A cartoon deemed unacceptable by a south Georgia prison warden has resulted in a federal lawsuit against the warden and other officials.

Since 1993, Freedom Ways, a tiny newsletter published bi-monthly by the Americus-based Prison & Jail Project, has carried stories, columns, poems and cartoons aimed at furthering its mission of reforming abuses in the state’s prisons, and urging an end to the death penalty.

But a cartoon drawn by a Massachusetts student was deemed too provocative by Calhoun State Prison Warden Danny Waters, who decided not to allow the dozen or so inmates receiving subscriptions to the free publication to receive last year’s September-October issue.

The drawing depicts seven hanged black men with a Confederate battle flag superimposed over their bodies, while the looping rope above and smoldering logs below spell out “Southern Heritage.” The cartoon was drawn by then-15-year-old Hannah Jukovsky, a white Cambridge, Mass., student who last year toured the South as part of a civil rights research project.

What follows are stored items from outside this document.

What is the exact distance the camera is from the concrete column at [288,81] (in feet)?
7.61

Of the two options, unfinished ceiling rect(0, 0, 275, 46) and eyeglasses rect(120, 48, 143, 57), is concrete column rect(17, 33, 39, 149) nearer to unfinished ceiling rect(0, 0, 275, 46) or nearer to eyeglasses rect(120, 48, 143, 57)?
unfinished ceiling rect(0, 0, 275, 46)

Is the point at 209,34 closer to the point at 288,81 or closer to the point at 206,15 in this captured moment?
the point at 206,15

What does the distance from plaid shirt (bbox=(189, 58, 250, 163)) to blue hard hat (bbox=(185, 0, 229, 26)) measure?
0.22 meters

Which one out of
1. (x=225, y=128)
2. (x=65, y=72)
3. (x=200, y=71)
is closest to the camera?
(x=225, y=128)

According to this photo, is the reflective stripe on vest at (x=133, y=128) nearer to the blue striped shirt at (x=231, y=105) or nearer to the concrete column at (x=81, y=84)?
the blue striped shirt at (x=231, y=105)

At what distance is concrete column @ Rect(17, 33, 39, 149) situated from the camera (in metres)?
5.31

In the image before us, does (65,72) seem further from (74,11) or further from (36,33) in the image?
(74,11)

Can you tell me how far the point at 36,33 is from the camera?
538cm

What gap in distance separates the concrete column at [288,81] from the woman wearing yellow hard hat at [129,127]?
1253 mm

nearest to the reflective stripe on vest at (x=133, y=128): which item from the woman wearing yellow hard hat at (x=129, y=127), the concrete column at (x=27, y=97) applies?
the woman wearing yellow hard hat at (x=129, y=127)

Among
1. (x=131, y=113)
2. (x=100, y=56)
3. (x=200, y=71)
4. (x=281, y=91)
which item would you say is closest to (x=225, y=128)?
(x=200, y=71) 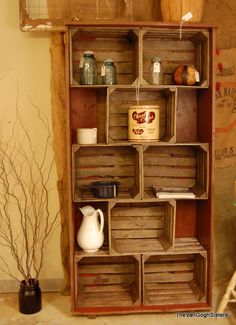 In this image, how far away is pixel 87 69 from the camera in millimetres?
2201

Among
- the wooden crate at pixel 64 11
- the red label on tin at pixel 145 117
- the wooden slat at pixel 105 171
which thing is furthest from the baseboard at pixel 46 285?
the wooden crate at pixel 64 11

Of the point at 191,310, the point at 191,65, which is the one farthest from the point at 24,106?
the point at 191,310

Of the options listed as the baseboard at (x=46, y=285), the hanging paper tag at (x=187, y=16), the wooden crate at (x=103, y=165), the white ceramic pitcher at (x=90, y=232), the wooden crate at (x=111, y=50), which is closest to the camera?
the hanging paper tag at (x=187, y=16)

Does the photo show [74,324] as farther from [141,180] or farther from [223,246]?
[223,246]

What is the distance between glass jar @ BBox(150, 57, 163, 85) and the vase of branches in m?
0.77

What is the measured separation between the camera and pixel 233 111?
2564mm

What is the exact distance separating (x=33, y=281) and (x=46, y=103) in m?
1.15

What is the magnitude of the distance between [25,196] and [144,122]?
37.9 inches

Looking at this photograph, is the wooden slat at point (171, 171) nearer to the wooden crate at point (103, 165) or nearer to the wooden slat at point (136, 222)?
the wooden crate at point (103, 165)

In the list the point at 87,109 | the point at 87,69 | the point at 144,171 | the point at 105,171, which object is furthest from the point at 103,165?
the point at 87,69

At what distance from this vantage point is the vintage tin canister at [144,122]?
2232 mm

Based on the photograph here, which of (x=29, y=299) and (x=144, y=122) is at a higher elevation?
(x=144, y=122)

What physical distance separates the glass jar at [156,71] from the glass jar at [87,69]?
0.36m

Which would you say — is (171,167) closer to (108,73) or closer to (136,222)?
(136,222) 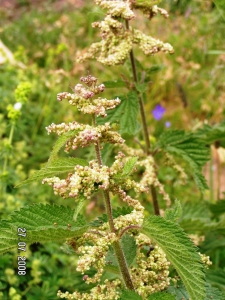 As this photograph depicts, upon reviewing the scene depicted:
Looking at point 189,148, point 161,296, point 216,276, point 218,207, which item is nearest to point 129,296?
point 161,296

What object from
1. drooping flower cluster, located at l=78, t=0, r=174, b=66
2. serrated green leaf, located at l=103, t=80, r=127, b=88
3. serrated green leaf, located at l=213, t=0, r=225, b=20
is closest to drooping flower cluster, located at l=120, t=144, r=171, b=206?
serrated green leaf, located at l=103, t=80, r=127, b=88

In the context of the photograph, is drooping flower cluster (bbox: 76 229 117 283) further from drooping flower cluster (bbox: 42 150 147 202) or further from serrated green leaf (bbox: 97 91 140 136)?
serrated green leaf (bbox: 97 91 140 136)

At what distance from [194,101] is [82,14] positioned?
2154 mm

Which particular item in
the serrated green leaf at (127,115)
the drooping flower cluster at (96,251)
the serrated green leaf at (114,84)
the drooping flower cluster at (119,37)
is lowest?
the drooping flower cluster at (96,251)

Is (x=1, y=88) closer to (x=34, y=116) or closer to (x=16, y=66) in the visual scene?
(x=34, y=116)

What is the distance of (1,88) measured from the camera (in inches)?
122

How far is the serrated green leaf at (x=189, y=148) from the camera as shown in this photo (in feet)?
6.08

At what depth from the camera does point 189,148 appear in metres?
1.92

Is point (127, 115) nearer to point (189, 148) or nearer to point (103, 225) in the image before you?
point (189, 148)

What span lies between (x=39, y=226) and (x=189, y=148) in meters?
0.88

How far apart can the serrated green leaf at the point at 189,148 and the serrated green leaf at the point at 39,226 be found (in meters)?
0.73

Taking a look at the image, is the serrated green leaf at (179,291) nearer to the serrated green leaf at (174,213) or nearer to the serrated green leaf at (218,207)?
the serrated green leaf at (174,213)

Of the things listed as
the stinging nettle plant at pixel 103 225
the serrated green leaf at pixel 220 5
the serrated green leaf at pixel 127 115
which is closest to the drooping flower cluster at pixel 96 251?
the stinging nettle plant at pixel 103 225

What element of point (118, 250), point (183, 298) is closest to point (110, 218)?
point (118, 250) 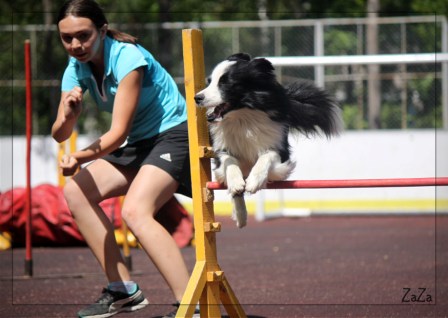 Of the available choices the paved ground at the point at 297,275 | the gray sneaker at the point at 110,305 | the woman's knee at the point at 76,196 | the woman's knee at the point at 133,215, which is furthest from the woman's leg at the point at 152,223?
the paved ground at the point at 297,275

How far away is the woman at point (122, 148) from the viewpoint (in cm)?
410

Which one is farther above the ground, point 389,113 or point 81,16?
point 81,16

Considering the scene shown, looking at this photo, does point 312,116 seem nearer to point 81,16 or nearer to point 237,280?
point 81,16

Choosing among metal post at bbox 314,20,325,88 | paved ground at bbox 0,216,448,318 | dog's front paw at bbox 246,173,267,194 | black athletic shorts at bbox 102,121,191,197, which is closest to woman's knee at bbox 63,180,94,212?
black athletic shorts at bbox 102,121,191,197

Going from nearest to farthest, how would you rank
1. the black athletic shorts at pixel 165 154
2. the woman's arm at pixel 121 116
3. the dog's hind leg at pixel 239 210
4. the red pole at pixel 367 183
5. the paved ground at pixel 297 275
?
1. the red pole at pixel 367 183
2. the woman's arm at pixel 121 116
3. the black athletic shorts at pixel 165 154
4. the dog's hind leg at pixel 239 210
5. the paved ground at pixel 297 275

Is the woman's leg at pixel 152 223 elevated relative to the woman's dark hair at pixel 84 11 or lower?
lower

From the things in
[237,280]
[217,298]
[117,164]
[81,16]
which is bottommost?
[237,280]

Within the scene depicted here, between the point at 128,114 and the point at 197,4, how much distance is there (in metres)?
16.4

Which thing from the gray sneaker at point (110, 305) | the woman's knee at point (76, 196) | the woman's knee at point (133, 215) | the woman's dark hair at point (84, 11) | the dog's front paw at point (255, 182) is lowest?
Result: the gray sneaker at point (110, 305)

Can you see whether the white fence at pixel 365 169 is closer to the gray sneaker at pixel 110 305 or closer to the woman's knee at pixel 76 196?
the gray sneaker at pixel 110 305

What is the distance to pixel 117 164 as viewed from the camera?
4.37 meters

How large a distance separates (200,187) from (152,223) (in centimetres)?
34

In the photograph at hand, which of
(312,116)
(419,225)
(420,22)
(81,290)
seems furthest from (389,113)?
(312,116)

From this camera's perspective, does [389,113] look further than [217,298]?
Yes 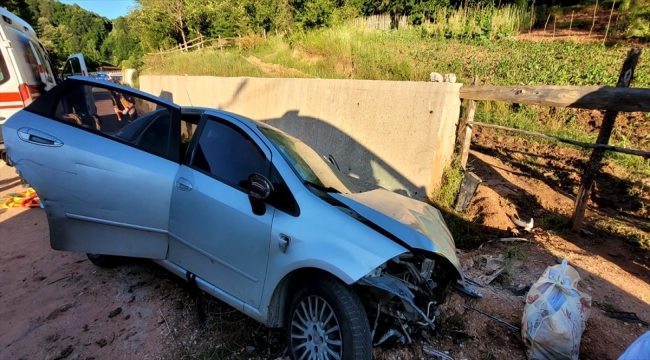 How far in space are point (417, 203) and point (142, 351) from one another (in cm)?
261

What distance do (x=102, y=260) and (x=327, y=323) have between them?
277 cm

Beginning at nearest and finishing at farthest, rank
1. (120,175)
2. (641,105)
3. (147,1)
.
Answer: (120,175)
(641,105)
(147,1)

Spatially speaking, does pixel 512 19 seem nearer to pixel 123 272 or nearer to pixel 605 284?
pixel 605 284

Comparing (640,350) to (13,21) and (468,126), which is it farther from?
(13,21)

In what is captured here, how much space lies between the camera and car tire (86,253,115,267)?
350cm

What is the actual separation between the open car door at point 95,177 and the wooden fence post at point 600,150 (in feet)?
15.7

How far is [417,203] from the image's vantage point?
124 inches

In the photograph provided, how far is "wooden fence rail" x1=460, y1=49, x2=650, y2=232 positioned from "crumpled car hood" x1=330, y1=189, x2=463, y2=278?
103 inches

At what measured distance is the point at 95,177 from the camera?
9.04 feet

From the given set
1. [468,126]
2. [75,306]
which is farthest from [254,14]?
[75,306]

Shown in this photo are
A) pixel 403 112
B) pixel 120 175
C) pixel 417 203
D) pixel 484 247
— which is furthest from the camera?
pixel 403 112

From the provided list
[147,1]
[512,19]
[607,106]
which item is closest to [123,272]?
[607,106]

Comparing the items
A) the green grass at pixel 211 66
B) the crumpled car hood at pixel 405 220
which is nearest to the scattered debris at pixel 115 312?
the crumpled car hood at pixel 405 220

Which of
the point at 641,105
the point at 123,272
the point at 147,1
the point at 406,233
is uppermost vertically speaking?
the point at 147,1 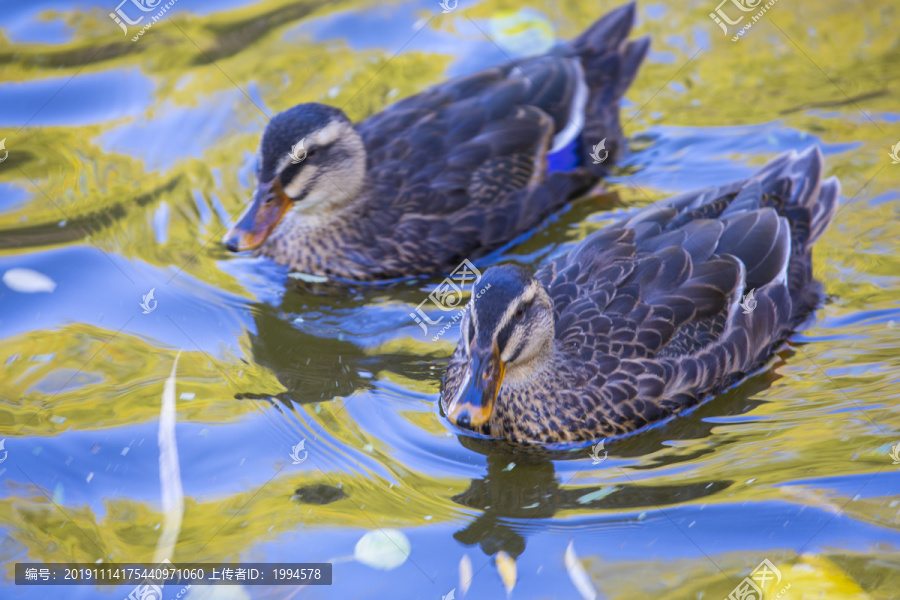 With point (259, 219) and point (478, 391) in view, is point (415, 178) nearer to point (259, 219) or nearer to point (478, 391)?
point (259, 219)

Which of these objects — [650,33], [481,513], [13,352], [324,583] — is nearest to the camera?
[324,583]

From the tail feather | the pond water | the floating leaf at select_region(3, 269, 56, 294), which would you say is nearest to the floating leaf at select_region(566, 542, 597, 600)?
the pond water

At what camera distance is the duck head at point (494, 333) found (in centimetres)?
512

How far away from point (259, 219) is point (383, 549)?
2896mm

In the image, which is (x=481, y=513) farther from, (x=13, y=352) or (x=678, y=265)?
(x=13, y=352)

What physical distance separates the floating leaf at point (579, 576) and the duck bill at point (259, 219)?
329 centimetres

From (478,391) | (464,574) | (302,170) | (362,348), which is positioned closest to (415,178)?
(302,170)

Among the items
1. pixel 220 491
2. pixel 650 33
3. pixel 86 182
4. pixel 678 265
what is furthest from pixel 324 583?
pixel 650 33

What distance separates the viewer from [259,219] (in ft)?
22.7

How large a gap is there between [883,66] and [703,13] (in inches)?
71.0

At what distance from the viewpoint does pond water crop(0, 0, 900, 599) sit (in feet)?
16.5

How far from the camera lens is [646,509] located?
202 inches

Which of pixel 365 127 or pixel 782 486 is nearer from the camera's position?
pixel 782 486

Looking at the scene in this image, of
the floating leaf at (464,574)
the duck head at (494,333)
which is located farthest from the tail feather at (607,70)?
the floating leaf at (464,574) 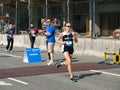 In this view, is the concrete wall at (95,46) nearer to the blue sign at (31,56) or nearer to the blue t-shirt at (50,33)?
the blue sign at (31,56)

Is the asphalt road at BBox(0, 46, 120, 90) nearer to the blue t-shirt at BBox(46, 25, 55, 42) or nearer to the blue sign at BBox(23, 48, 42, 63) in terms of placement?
the blue t-shirt at BBox(46, 25, 55, 42)

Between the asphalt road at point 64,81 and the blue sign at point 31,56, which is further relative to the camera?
the blue sign at point 31,56

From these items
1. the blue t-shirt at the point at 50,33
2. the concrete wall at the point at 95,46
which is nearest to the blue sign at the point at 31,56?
the blue t-shirt at the point at 50,33

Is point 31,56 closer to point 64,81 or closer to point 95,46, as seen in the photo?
point 95,46

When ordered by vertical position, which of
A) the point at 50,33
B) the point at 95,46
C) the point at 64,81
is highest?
the point at 50,33

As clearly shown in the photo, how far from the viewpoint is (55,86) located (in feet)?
35.6

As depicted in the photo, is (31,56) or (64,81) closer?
(64,81)

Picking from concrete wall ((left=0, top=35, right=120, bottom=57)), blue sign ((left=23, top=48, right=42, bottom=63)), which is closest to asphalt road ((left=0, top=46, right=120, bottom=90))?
blue sign ((left=23, top=48, right=42, bottom=63))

“She was trying to convey the idea that, for many people of color, that flag means something akin to terror and racial oppression,” says Robert Tsai, an attorney with the Georgia affiliate of the American Civil Liberties Union. “But the prison administrators were so afraid that it would incite some sort of racial unrest that they wouldn’t let it in.”

On March 16, the ACLU filed suit on behalf of the Prison & Jail Project in federal court in Augusta, citing First Amendment and due process concerns, Tsai says.

“We think the law’s pretty clear that you can’t keep something out unless, objectively, the material exhorts someone to commit violence,” he says. “There’s no way this meets those standards.”??